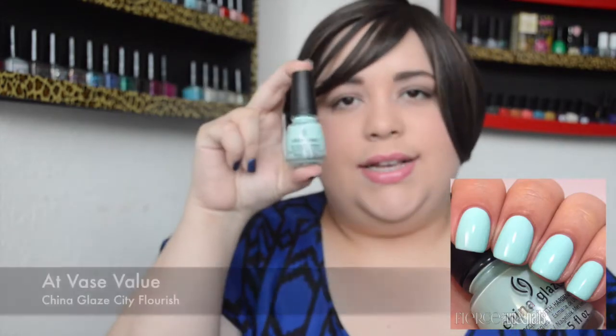Last but not least, Vase Value. This is a gorgeous minty green, minty blue — not quite aqua, not a full mint, just a beautiful pastel. A perfect color for this time of year. So there you have it — those are the first six from this collection.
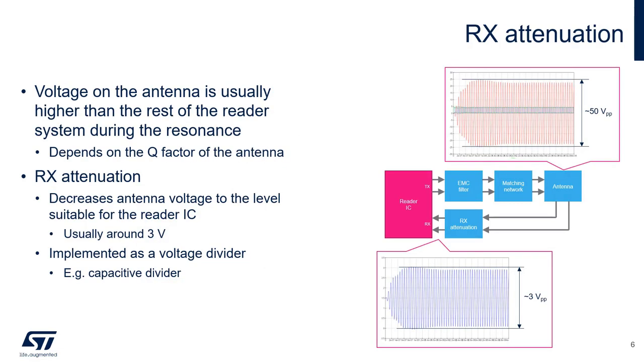Another key block of the output circuit is the receiver attenuator. For the reader IC to work properly, the receiver must be monitoring all activity on the antenna. It's fairly common on some reader applications where the output voltage swing on the antenna can be in excess of 50 volts peak to peak. This output swing is influenced by the Q factor of the antenna. The maximum receiver input specification for the ST25R3911B and the ST25R3916 is approximately 3 volts. In order to reduce the antenna voltage to an acceptable level, a divider is needed, implemented with a simple capacitive divider.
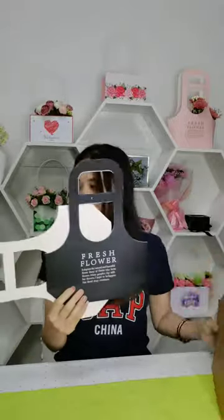We also have many different sizes, like the small one, and different colors like pink and black. We can also accept customized colors.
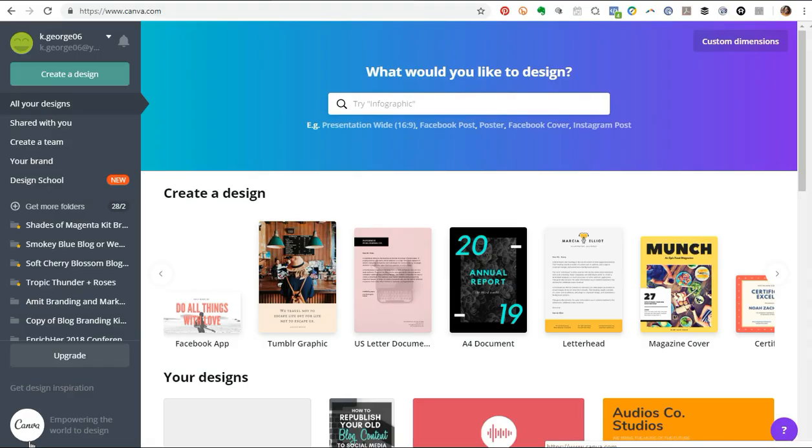Hey there guys, it's Kim here from YourChicGeek.com. I wanted to bring you this quick video tutorial to show you how to take a letterhead template in Canva, how to brand it, how to apply your own color schemes and things like that to the template, and use it basically as your own stationery or add it to your stationery kit.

TASK TO CARRY OUT:
All lines from the line with "We also have" through the final line of the data, both included, are to be repeated exactly; no other lines and no pictures.

OUTPUT OF THE TASK:
We also have many different sizes, like the small one, and different colors like pink and black. We can also accept customized colors.
Hey there guys, it's Kim here from YourChicGeek.com. I wanted to bring you this quick video tutorial to show you how to take a letterhead template in Canva, how to brand it, how to apply your own color schemes and things like that to the template, and use it basically as your own stationery or add it to your stationery kit.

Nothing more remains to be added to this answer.